認知科学の第一人者である今井むつみさんが言語習得の謎に取り組んだデビュー作を、ちくま学芸文庫として刊行しました。専門的な内容の本ですが、自他ともに認める「今井むつみファン」である「ゆる言語学ラジオ」水野太貴さんがその面白さをみごとに解説してくださいました! 本を手に取る前にぜひご一読ください!

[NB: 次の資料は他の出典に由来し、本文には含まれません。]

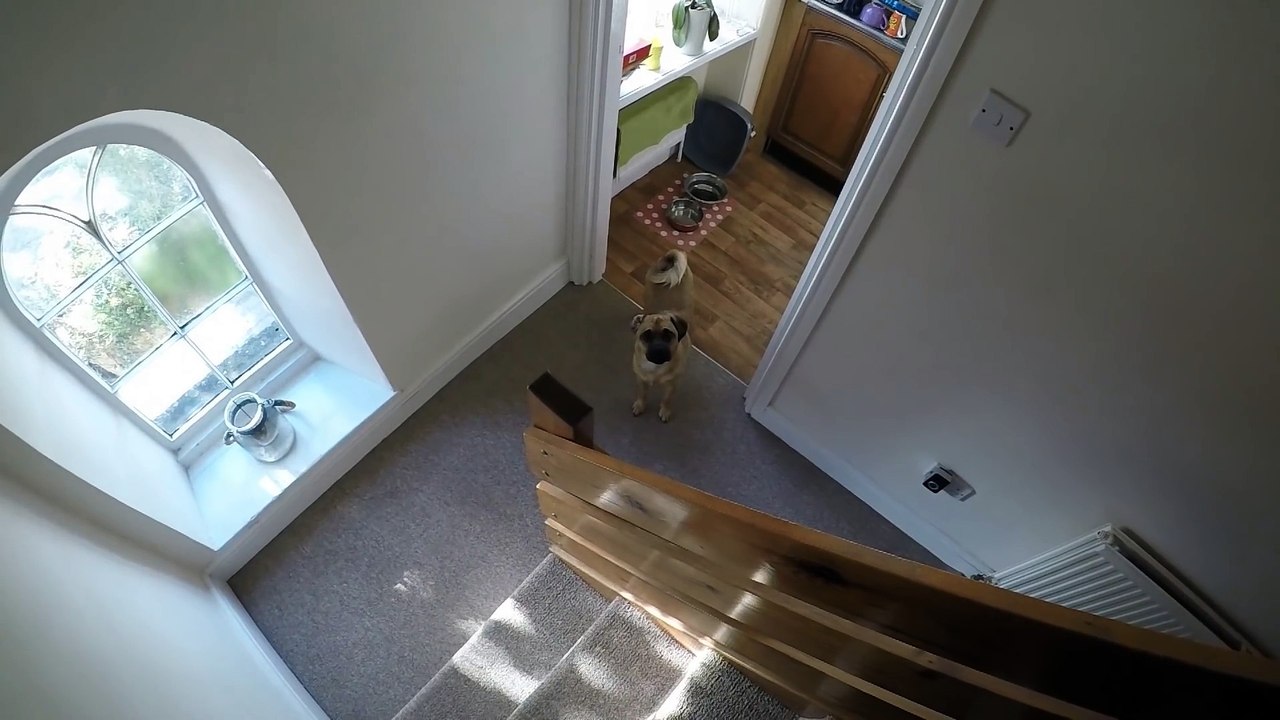 La vraie vie filmée en GoPro... Lol c'est ennuyant haha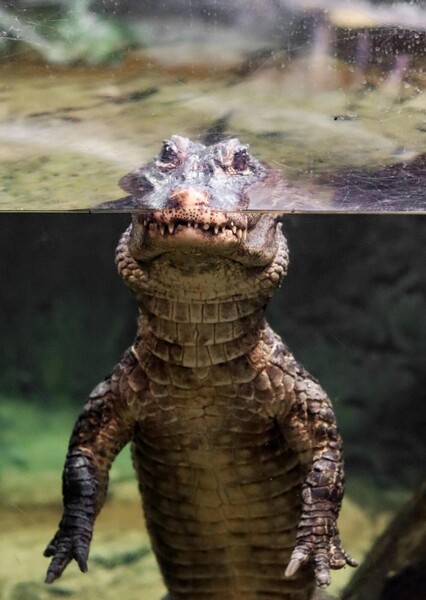 Chinese Alligator
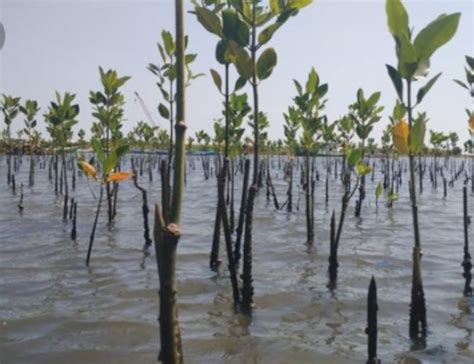 Persiapan Penanaman Satu Juta Pohon Mangrove Terus Dikebut Enam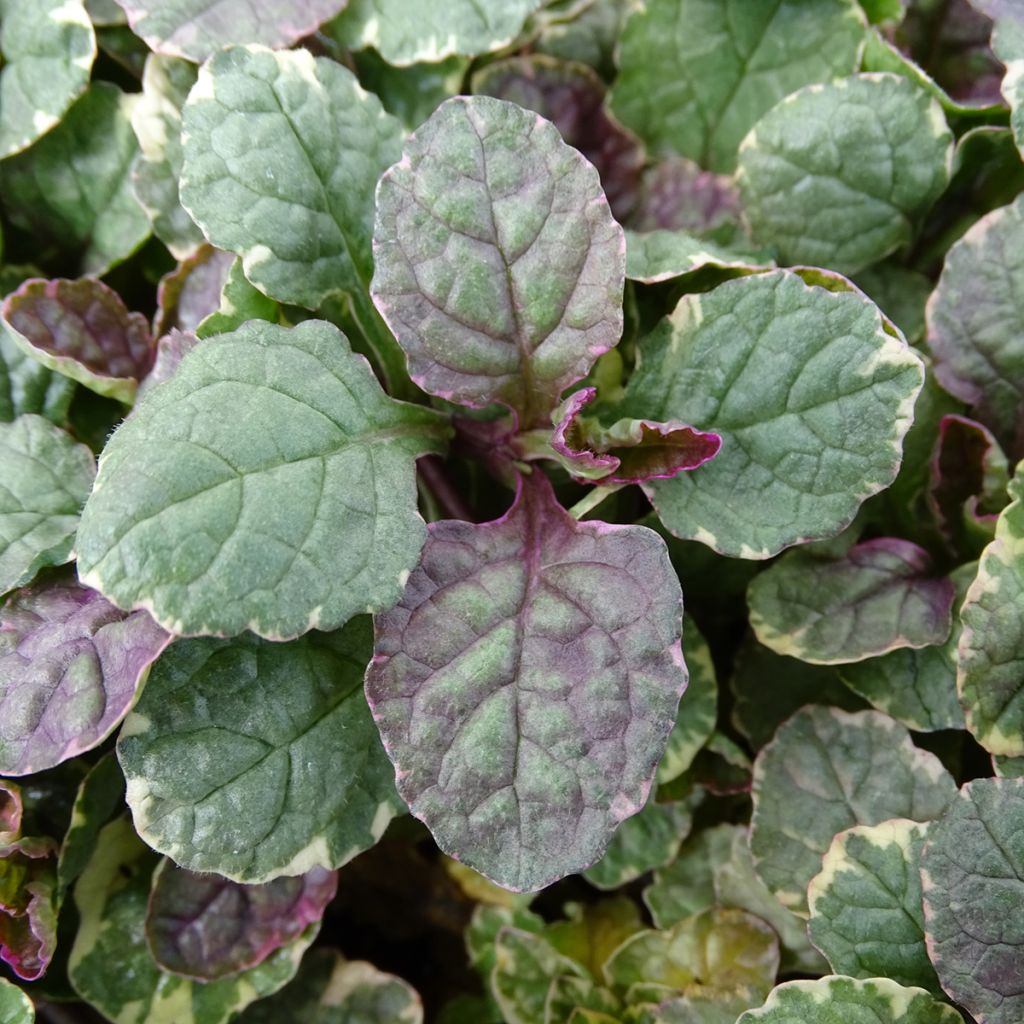 Ajuga reptans Burgundy Glow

 フィクションの世界ではしばしば、「ある未解決事件の犯人を追いかけ続けている刑事」が見受けられる。私にとって本書の著者である今井むつみ先生は、そういう人である。今井先生が追いかけ続けている事件とは、「ヒトが言語を習得すること」だ。どの人も経験するので当たり前のことのように思えるが、立ち止まって考えると不思議なことはいっぱい起きている。例えば私たちは、親から単語の意味や日本語の文法をはっきり教わったわけでもないのに、自然と言葉を使いこなせるようになる。そして、そのメカニズムは完全には解明されていない。であれば、言語習得を未解決事件と喩えるのもあながち誇張ではなかろう。

 私は自他ともに認める今井むつみファンである。先生の著作はもちろんすべて読んだし、先生が1チャプターを寄稿しただけのオムニバス論考集も大方本棚に収まっている。では私は今井先生の著作のどこに惹かれているのか。それはストーリーテリングの巧みさである。

 今回の新書大賞に、今井先生の『言語の本質』(秋田喜美氏との共著、中公新書)が輝いた。同書はミステリー小説のような構成だったし、実際にそうした書評はいくつか見受けられた。これが私の言う、ストーリーテリングの部分だ。問いの不思議さを十分に共有したあと、意外な犯人が提示され、そして鮮やかな謎解きに移る。同書が多くの読者に読まれた一因には、このように練り上げられたムダのない構成もあったと思う。

 さて、『ことばの学習のパラドックス』の元となった単行本は一九九七年に刊行されており、今井先生の初の単著である。改めて読み返して思ったのは、私が評するのもおこがましいが、そのストーリーテリング力はすでに萌芽していたということである。

 本書は今井先生の著書のうち、比較的難しい部類だ。参考文献欄には英語論文がずらりと並んでいるし、専門用語もある程度導入される。しかしその問題設定は非常にシンプルで、やはり「子どもはいかにして言語を覚えるのか?」に尽きる。そして序章では「子どもがことばを覚えるのって、思っているより難しいな」と痛感させる巧みな前フリがある。詳しい解説は本書に譲るが、一章を読むだけでも「言語習得って無理ゲーに近いかも」と思わせられること請け合いだ。

 さて、本書と『言語の本質』は、問題設定はまったく一緒である。いずれも「ヒトはいかにして言語を習得するか」という未解決事件に取り組んだものだ。しかしその読み味は同工異曲というべきだろう。『言語の本質』はオノマトペに焦点を絞ったが、本書では人間の認知特性に解決の糸口を求めたからである。

 せっかくなので、興味深いと感じた事例をひとつ取り上げよう。一般に、乳児に絵を見せるなどの刺激を与えても、それに飽きると注視しなくなることが知られている。ところが別の絵を見せると、またじっくり見つめる。研究者はこの特性を生かした実験を行なった。

 まず、イヌの絵を飽きるまで見せる。その後、ウマを見せると長く見つめた。まあ、イヌとウマはずいぶん違うので、注視するのもうなずける。ところが驚くのはここからで、別のイヌを見せると興味を示さなかったそうだ。言葉を話さない乳児の段階ですでに、生物の分類に関する知識が一定程度あることを示唆した実験である。

 このように、特定の知識や認知能力を先天的に持って生まれてこれば、子どもの言語習得は序章で示されるほどの無理ゲーではなくなる。では次に問うべきはこれしかない。彼らが持つ、驚くほど豊かな知識や能力とは? 本書にはその答えを探った認知科学者たちの実験の数々が取り上げられている。

 同じ事件をさまざまな角度から追い続けたひとりの研究者が、昨年ひとつの答えを世に問うて、多くの人々から注目を集めたのは喜ばしいことだ。しかしもっと幸運なのは、四半世紀の時を経て、異なった角度で解決を試みていたさまを手ごろな価格で楽しめることだと私は思うのである。